**TASK STATEMENT**
Would you please repeat all of the data exactly, omitting the pictures?
--- PROVIDED DATA Enclosed Below ---
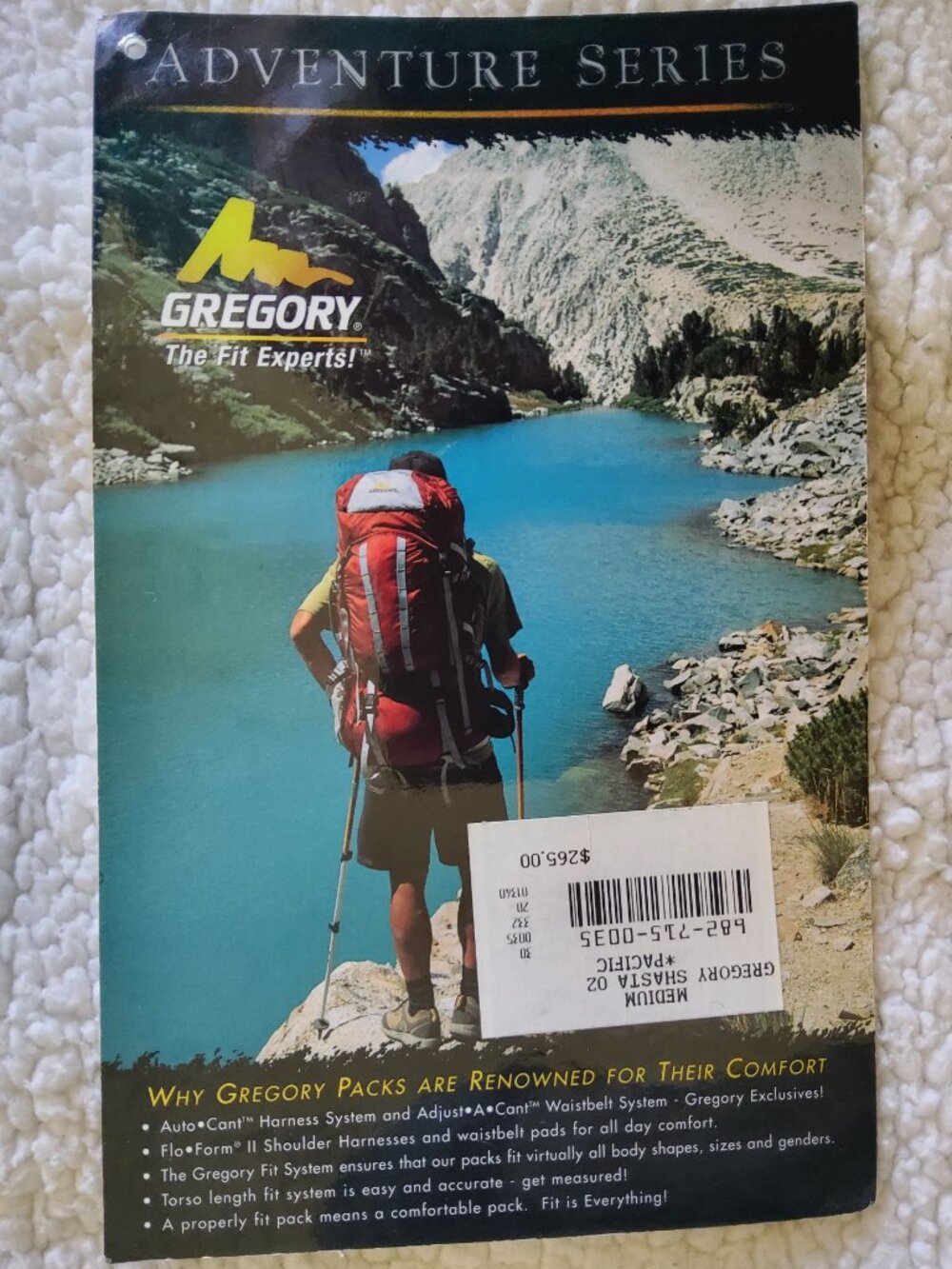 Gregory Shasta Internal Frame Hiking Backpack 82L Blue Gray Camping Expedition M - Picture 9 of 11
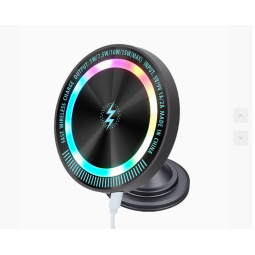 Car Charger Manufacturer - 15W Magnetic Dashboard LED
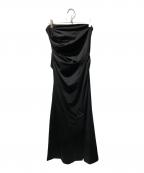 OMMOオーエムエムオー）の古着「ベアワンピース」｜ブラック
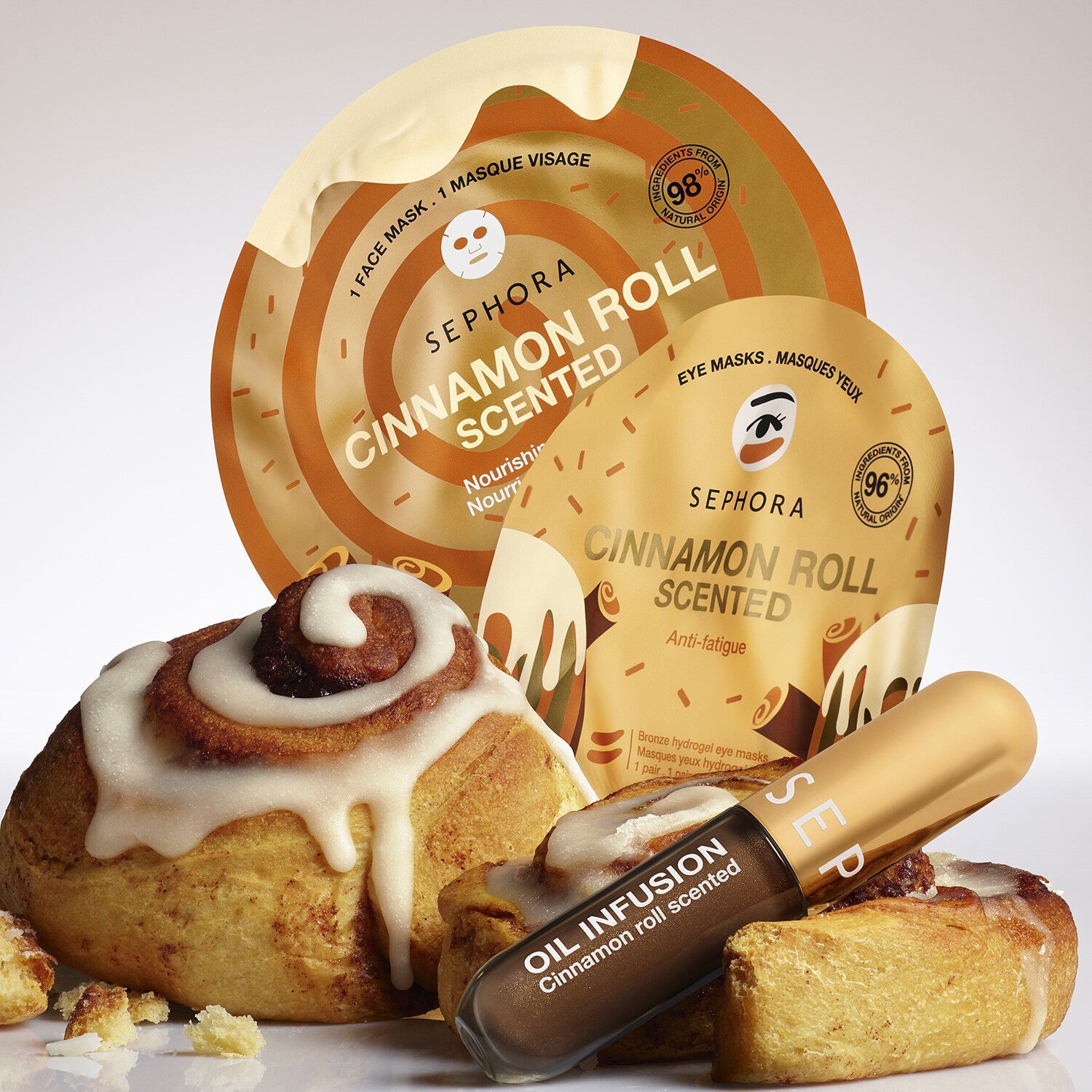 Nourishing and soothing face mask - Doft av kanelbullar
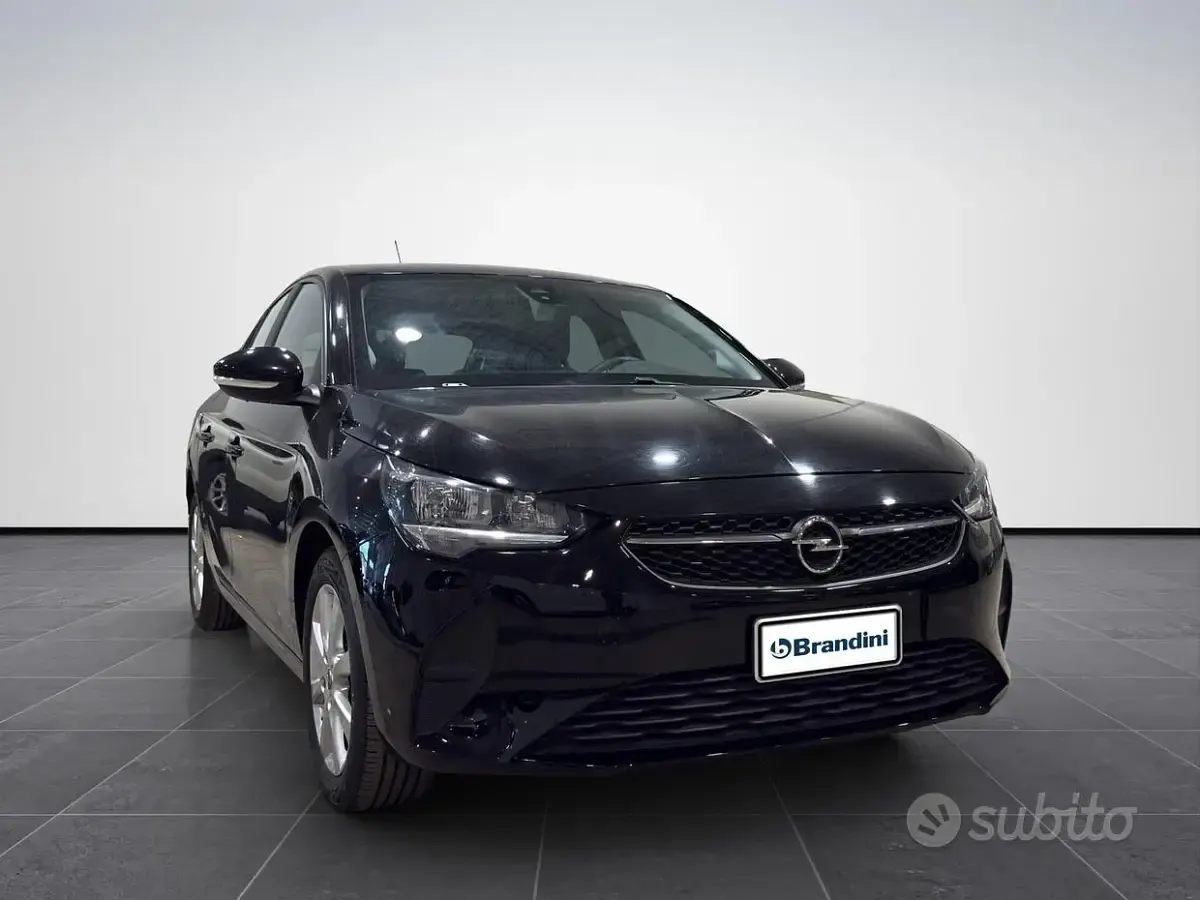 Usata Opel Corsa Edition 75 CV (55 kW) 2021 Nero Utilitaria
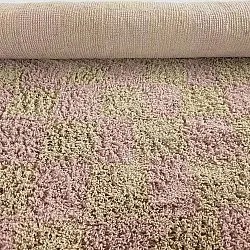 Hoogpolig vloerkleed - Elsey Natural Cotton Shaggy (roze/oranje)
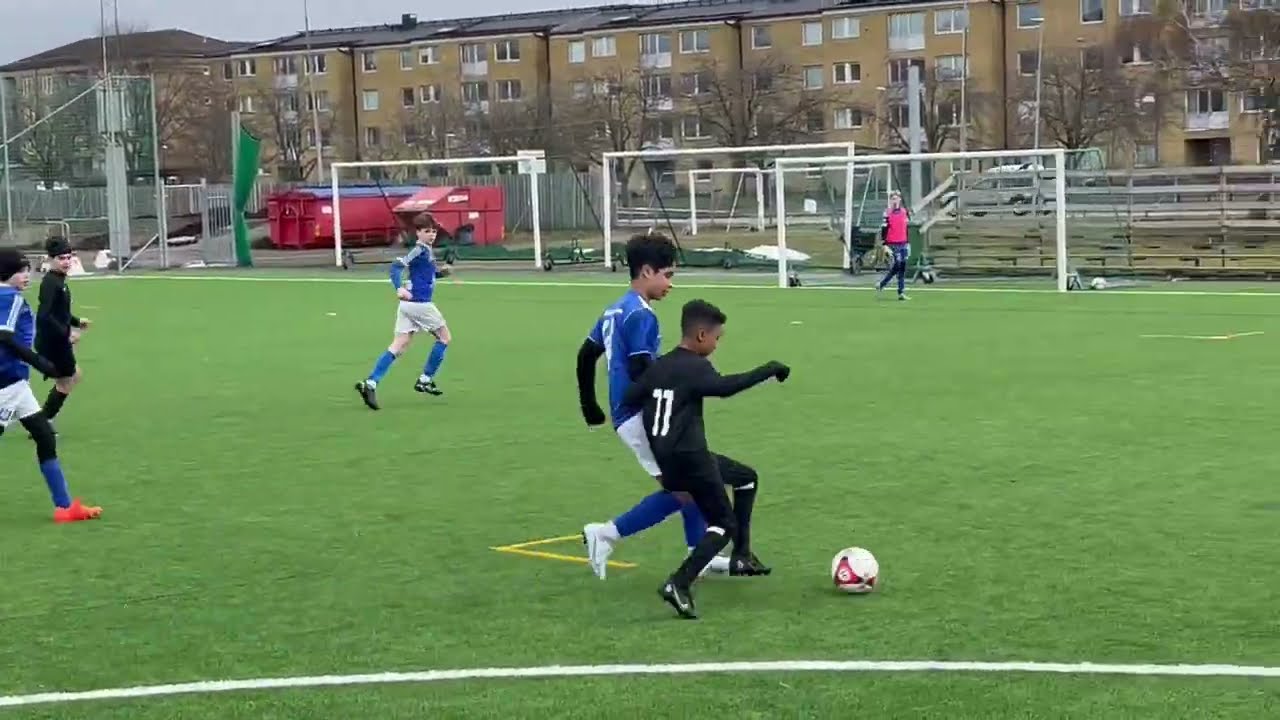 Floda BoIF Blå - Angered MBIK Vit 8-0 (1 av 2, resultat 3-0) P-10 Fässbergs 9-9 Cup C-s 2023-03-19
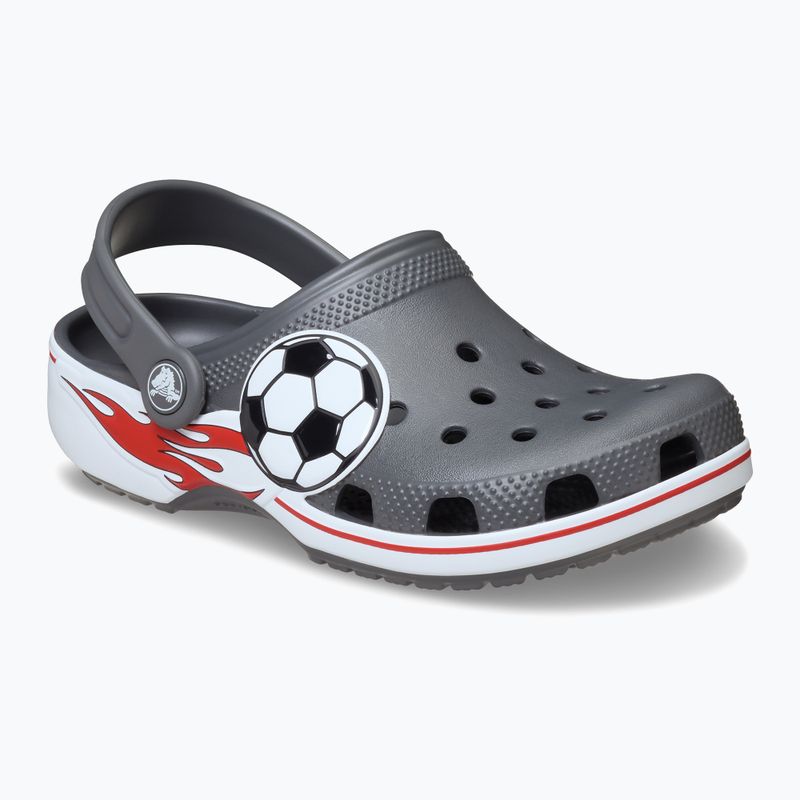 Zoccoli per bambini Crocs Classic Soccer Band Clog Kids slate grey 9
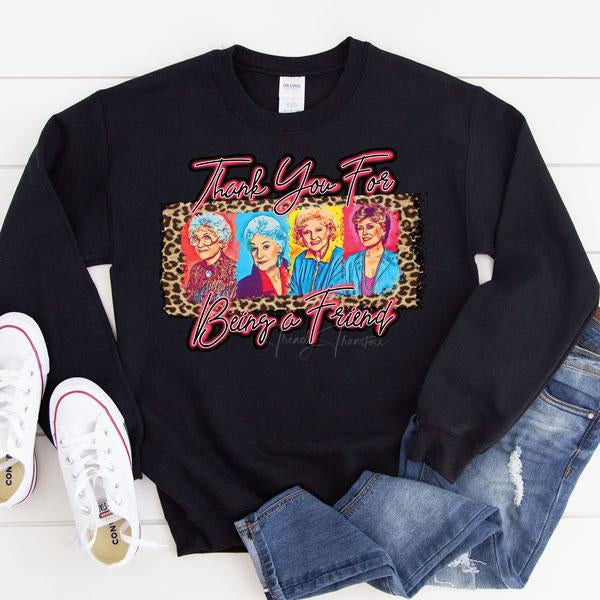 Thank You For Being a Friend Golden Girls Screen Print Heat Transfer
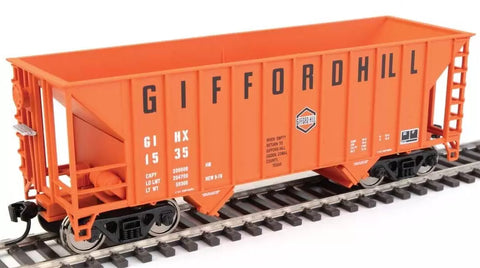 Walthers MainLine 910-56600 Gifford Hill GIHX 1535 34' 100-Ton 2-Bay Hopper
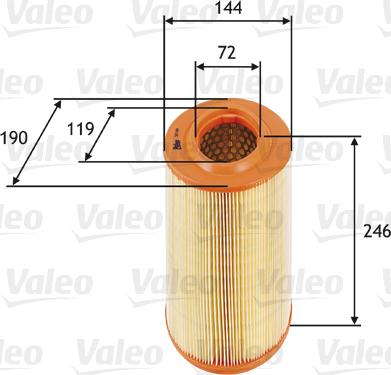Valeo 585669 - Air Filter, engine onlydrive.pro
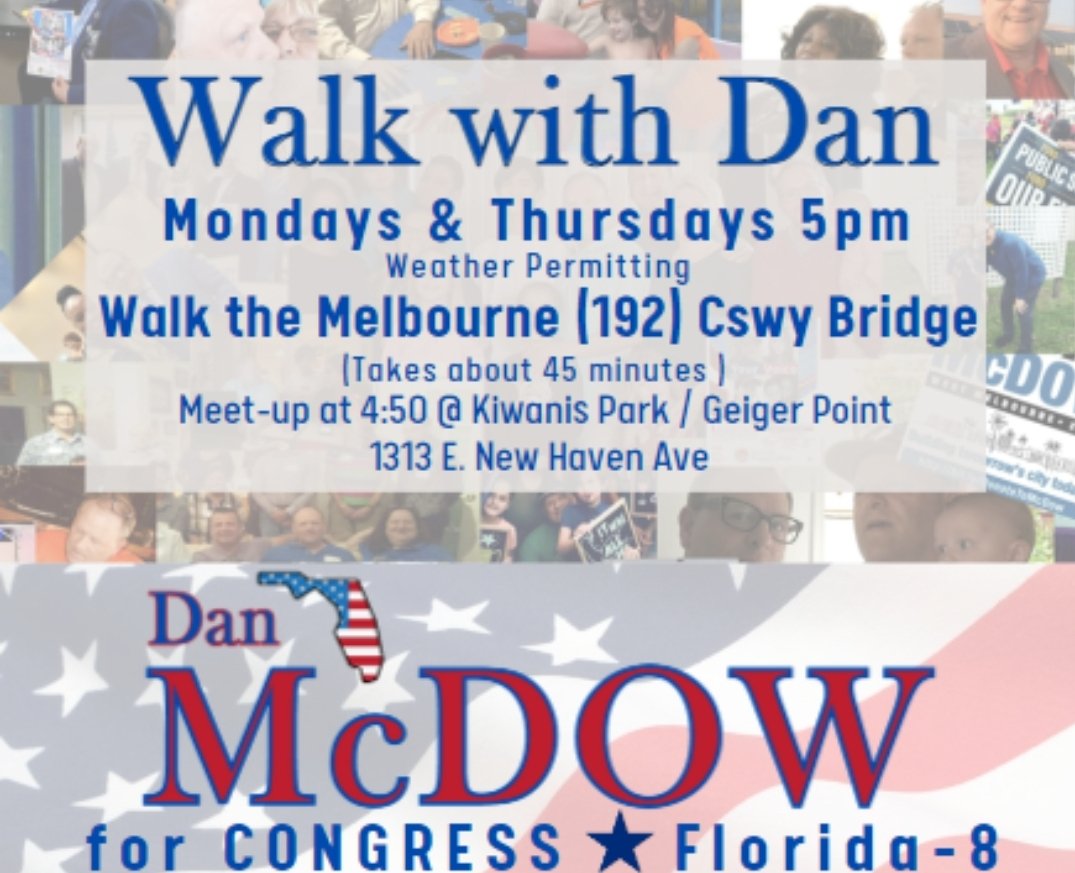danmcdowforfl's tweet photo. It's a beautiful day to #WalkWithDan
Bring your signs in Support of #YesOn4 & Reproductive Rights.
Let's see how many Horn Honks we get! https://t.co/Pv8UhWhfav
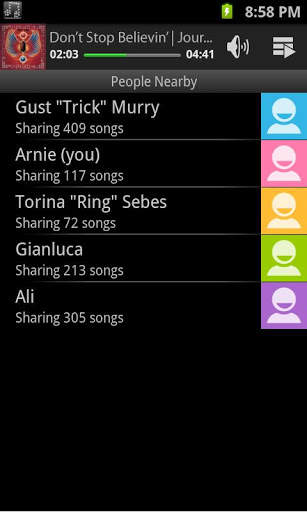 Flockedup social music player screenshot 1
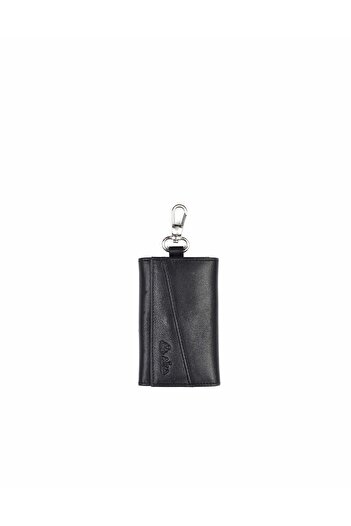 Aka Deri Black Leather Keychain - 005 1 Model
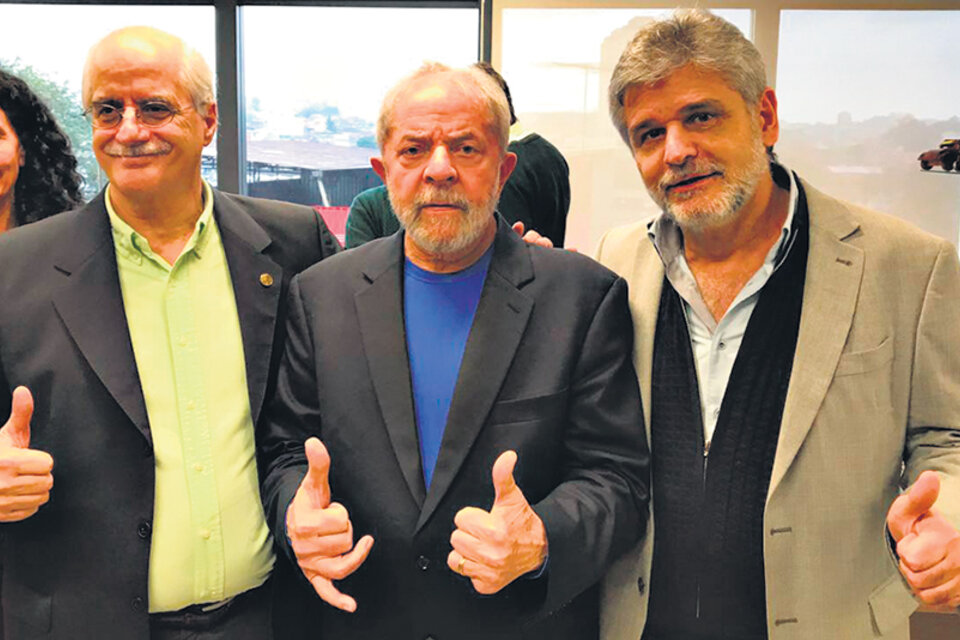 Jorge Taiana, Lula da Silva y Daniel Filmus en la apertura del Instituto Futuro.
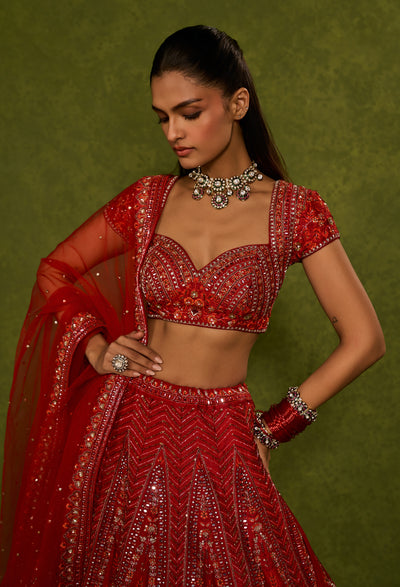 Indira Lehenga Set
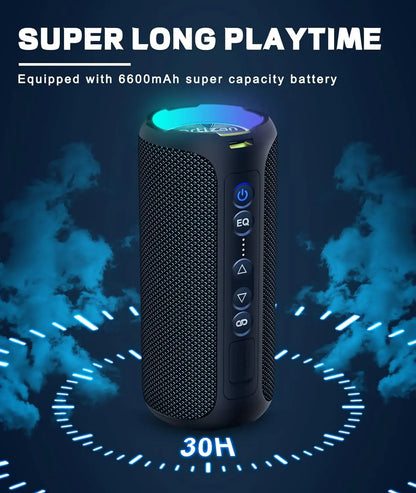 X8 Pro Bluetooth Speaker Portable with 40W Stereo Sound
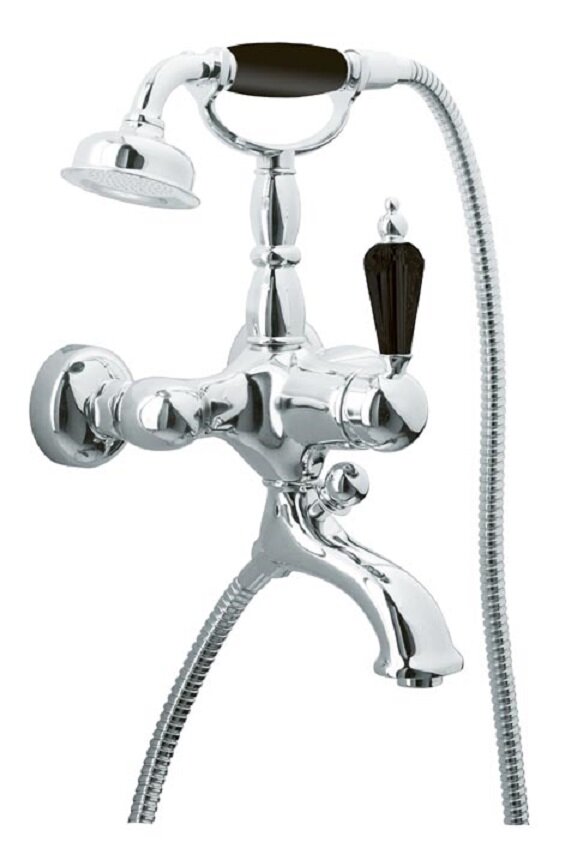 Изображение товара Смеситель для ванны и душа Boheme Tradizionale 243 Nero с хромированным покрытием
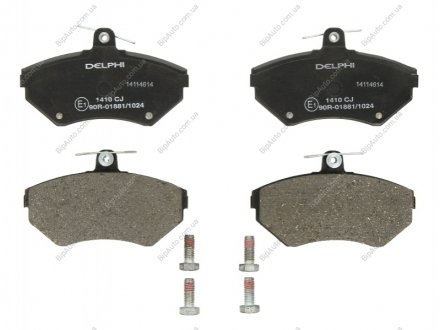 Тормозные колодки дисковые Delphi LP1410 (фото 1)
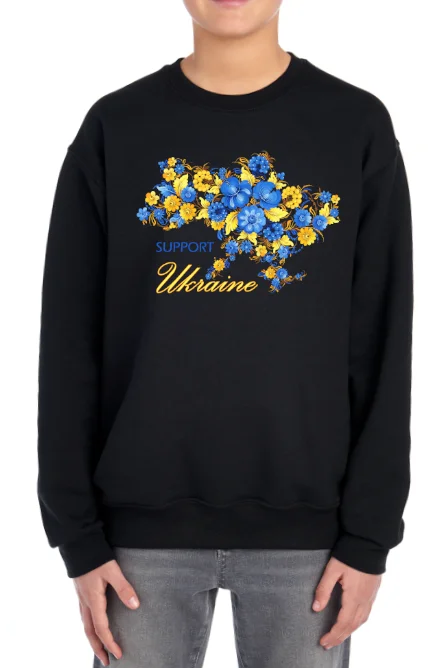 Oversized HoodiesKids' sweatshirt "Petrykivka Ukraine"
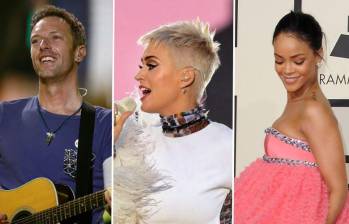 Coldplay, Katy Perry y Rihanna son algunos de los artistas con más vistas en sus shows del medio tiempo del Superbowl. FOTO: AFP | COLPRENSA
--- End of Enclosed PROVIDED DATA ---
**REPLY TO THE EXERCISE**
 Gregory Shasta Internal Frame Hiking Backpack 82L Blue Gray Camping Expedition M - Picture 9 of 11
 Car Charger Manufacturer - 15W Magnetic Dashboard LED
 OMMOオーエムエムオー）の古着「ベアワンピース」｜ブラック
 Nourishing and soothing face mask - Doft av kanelbullar
 Usata Opel Corsa Edition 75 CV (55 kW) 2021 Nero Utilitaria
 Hoogpolig vloerkleed - Elsey Natural Cotton Shaggy (roze/oranje)
 Floda BoIF Blå - Angered MBIK Vit 8-0 (1 av 2, resultat 3-0) P-10 Fässbergs 9-9 Cup C-s 2023-03-19
 Zoccoli per bambini Crocs Classic Soccer Band Clog Kids slate grey 9
 Thank You For Being a Friend Golden Girls Screen Print Heat Transfer
 Walthers MainLine 910-56600 Gifford Hill GIHX 1535 34' 100-Ton 2-Bay Hopper
Valeo 585669 - Air Filter, engine onlydrive.pro
danmcdowforfl's tweet photo. It's a beautiful day to #WalkWithDan
Bring your signs in Support of #YesOn4 & Reproductive Rights.
Let's see how many Horn Honks we get! https://t.co/Pv8UhWhfav
 Flockedup social music player screenshot 1
 Aka Deri Black Leather Keychain - 005 1 Model
 Jorge Taiana, Lula da Silva y Daniel Filmus en la apertura del Instituto Futuro.
 Indira Lehenga Set
 X8 Pro Bluetooth Speaker Portable with 40W Stereo Sound
 Изображение товара Смеситель для ванны и душа Boheme Tradizionale 243 Nero с хромированным покрытием
 Тормозные колодки дисковые Delphi LP1410 (фото 1)
 Oversized HoodiesKids' sweatshirt "Petrykivka Ukraine"
 Coldplay, Katy Perry y Rihanna son algunos de los artistas con más vistas en sus shows del medio tiempo del Superbowl. FOTO: AFP | COLPRENSA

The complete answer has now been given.